VolSync is configured via two CustomResources (CRs), one on the source side and
one on the destination side of the replication relationship. While there should
only be one ReplicationSource pushing data to the intermediate storage, there
may be an arbitrary number of ReplicationDestination instances syncing data from
the intermediate storage to destination clusters. This enables the model of high
fan-out data distribution.
Source configuration
=========================
An example source configuration is shown below:
.. code:: yaml
---
apiVersion: volsync.backube/v1alpha1
kind: ReplicationSource
metadata:
name: database-source
namespace: source
spec:
# The PVC to sync
sourcePVC: mysql-pv-claim
trigger:
# Synchronize every 6 minutes
schedule: "*/6 * * * *"
rclone:
# The configuration section of the rclone config file to use
rcloneConfigSection: "aws-s3-bucket"
# The path to the object bucket
rcloneDestPath: "volsync-test-bucket/mysql-pv-claim"

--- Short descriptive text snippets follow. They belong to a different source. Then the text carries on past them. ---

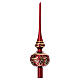 Blown glass Christmas tree topper bright red gold rhinestones 36 cm s1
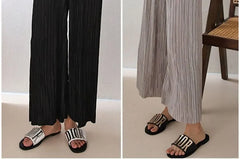Set: Short-Sleeve V-Neck Pleated Top + Elastic Waist Pleated Pants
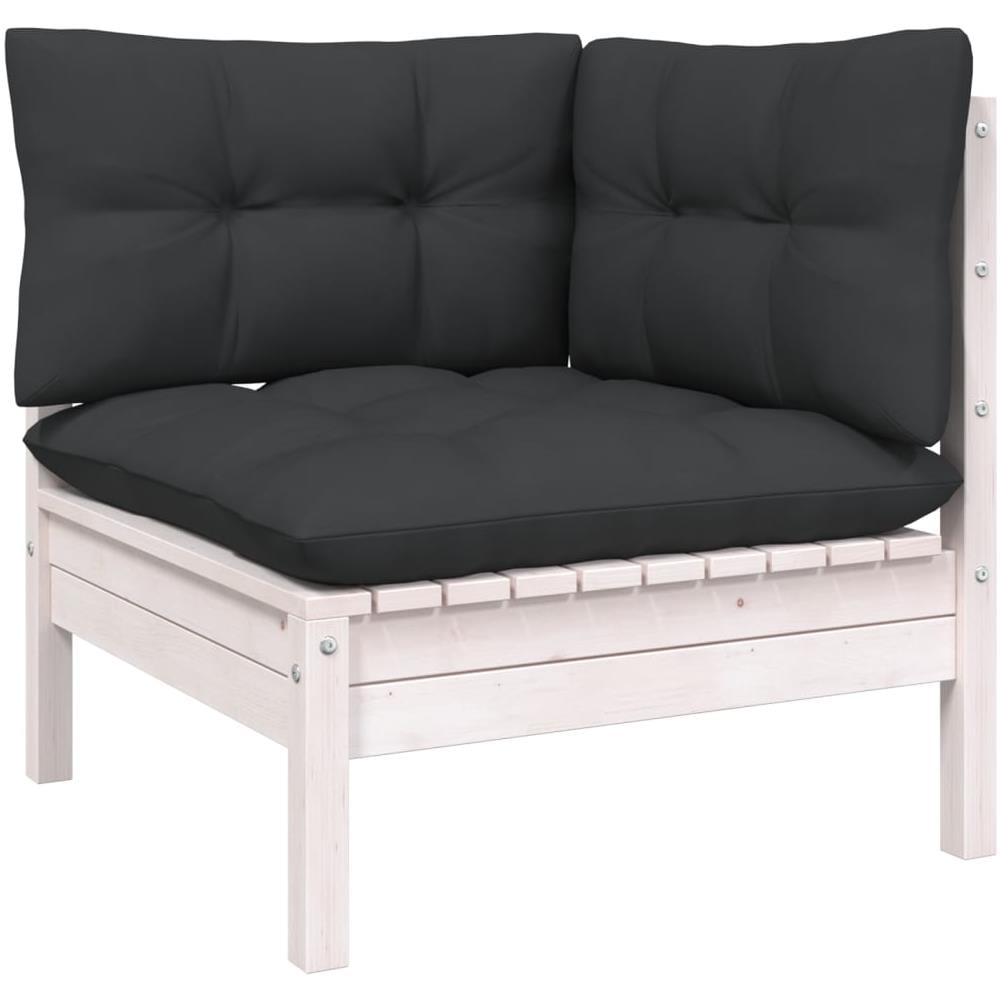 Set Divani Da Giardino 11 Pz Con Cuscini Bianchi Legno Di Pino - Foto 3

# Secret holding the rclone configuration
rcloneConfig: "rclone-secret"
# Method used to generate the PiT copy
copyMethod: Snapshot
# The StorageClass to use when creating the PiT copy (same as source PVC if omitted)
storageClassName: my-sc-name
# The VSC to use if the copy method is Snapshot (default if omitted)

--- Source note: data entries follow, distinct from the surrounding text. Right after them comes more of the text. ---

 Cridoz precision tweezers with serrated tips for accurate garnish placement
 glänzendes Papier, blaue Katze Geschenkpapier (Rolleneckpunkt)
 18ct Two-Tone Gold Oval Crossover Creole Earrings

volumeSnapshotClassName: my-vsc-name
Since the ``copyMethod`` specified above is ``Snapshot``, the Rclone data mover creates a ``VolumeSnapshot``
of the source pvc ``mysql-pv-claim``. Then it converts this snapshot back into a PVC.
If ``copyMethod: Clone`` were used, the temporary, point-in-time copy would be
created by cloning the source PVC to a new PVC directly. This is more efficient,
but it is not supported by all CSI drivers.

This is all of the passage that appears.